Greta looked at him a little sideways. “What did you do, Jacob?”
“What do you mean?”
She smiled a quirky, lupine smile. “You got a girl? Did she leave you after the first date again?”
“What the hell do you mean ‘again’?” Jake grimaced, tried to look angry, but just couldn’t. After all, it wasn’t like she was wrong. “I... uh... well, no, she didn’t leave.”
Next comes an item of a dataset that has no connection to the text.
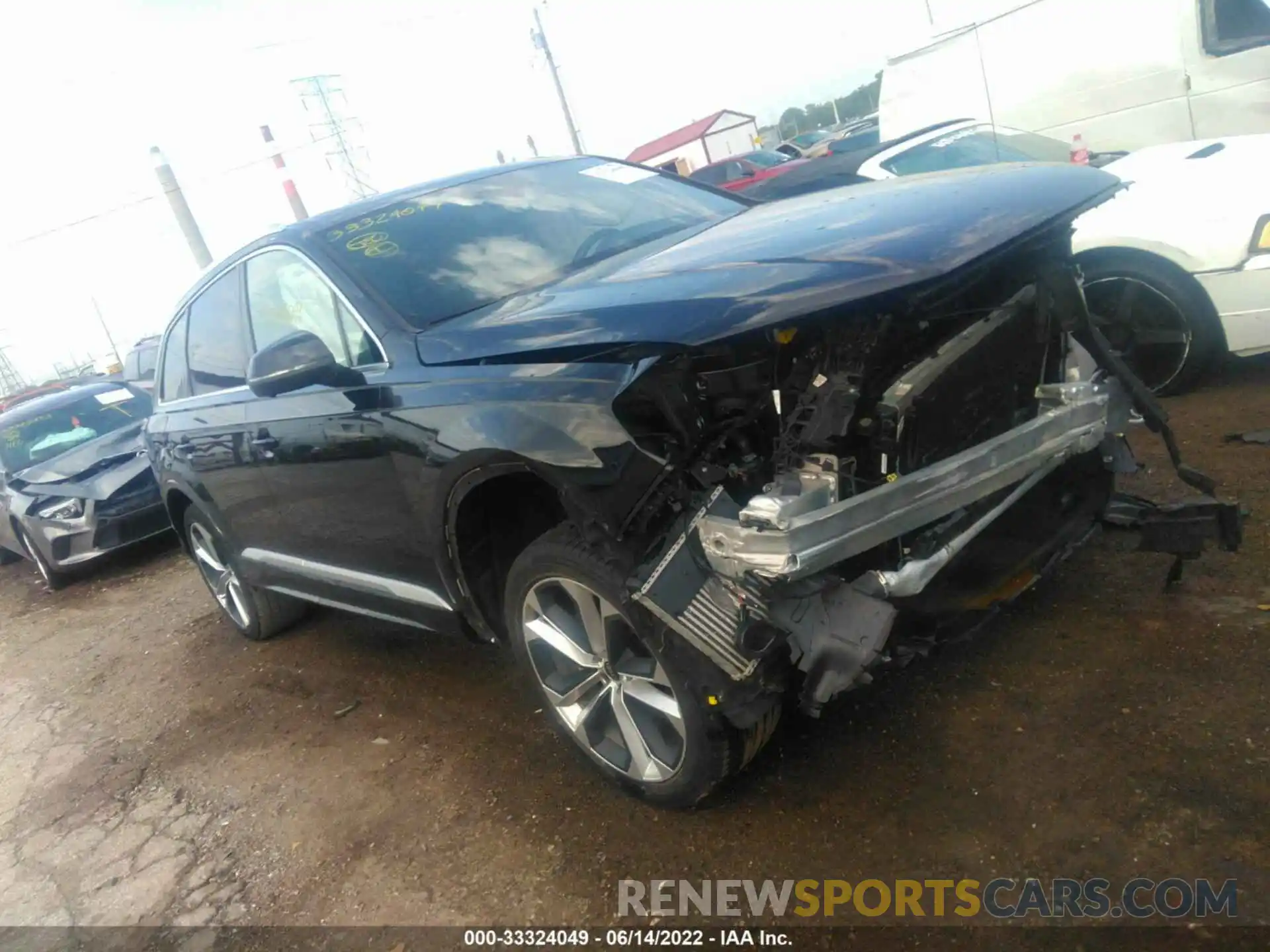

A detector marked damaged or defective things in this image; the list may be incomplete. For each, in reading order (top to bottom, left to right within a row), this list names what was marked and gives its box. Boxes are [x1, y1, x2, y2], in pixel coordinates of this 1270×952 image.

crumpled hood [9, 423, 153, 502]
crumpled hood [413, 162, 1117, 362]
severe front-end damage [614, 260, 1238, 719]
damaged cooling system [619, 264, 1244, 719]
“Oh very good,” Greta said. “So what’s the problem? The only thing that’s going to happen is that your jackass brother will look like a fool. He’s had no issue doing that very well.”
“She didn’t leave because we were at her house,” Jake said, choosing to ignore going any further down the dark path that was discussing his brother. Or at least that brother. “Anyway, it doesn’t matter, it was one date. And I’m not even really sure it was a date.”
He looked up at his mom, feeling a little flustered at all the weirdness he’d just splattered at her. “What? You’re staring at me and grinning. What did I do?”
“Do?” she asked. “I don’t know why it has to be that. Jacob, you’ve found a girl. You’ve found a girl that you both like, and who didn’t run off. And you’re scared that your brother is going to once again ruin it for you.”
“There’s a difference this time,” he said.
“And so you’re flustered. You always get flustered when you’re close to something you want. Remember that one time you caught a catfish bigger than your fathers? And you didn’t even have to throw anything remotely explosive into Lake St. Francis? You got so excited and flummoxed that you couldn’t spell your own name for a week or so.”
Jake flushed deeply, hoping that whatever extended family was milling around in the living room hadn’t heard that bit. “It’s not that, ma—”
She cut him off again. “It’s cute, dear. You never wanted to run the business, I know that. You never much cared to run the pack, I know that too. But in the five years you had, did you realize that intra-pack violence is down eighty-three percent?”
Jake quirked an eyebrow. “Really? That’s pretty good.”
“Yes, dear, it is. And it’s all because you took a stand against us killing each other. Your father never did that, and lord knows your brother wouldn’t have. Dane was always a hothead. You were always... not.”
Still, he was absolutely certain that when he spilled all the beans – that Delilah wasn’t even a wolf from their pack, much less a wolf at all – that would be an abrupt end to the whole business of how cute it was that he was wiggly-eyed over a woman.
“Remember those poems you used to write in school? I have one over here, laminated, let me get—”
“No!” he raised his hands in submission. “There is absolutely no need to invoke my high school poetry. No, no, no, we don’t need to do that. It’d destroy whatever is left of my feelings of masculinity. And if anyone else heard?”
Greta pursed her lips. “Spartans were quite manly, you know, and they valued poetry.”
“Right,” Jake said with a sardonic grin. “And they also oiled each other up and gave one another rubdowns before fights. I think whatever anyone can say about me, at least I don’t braid my beard.”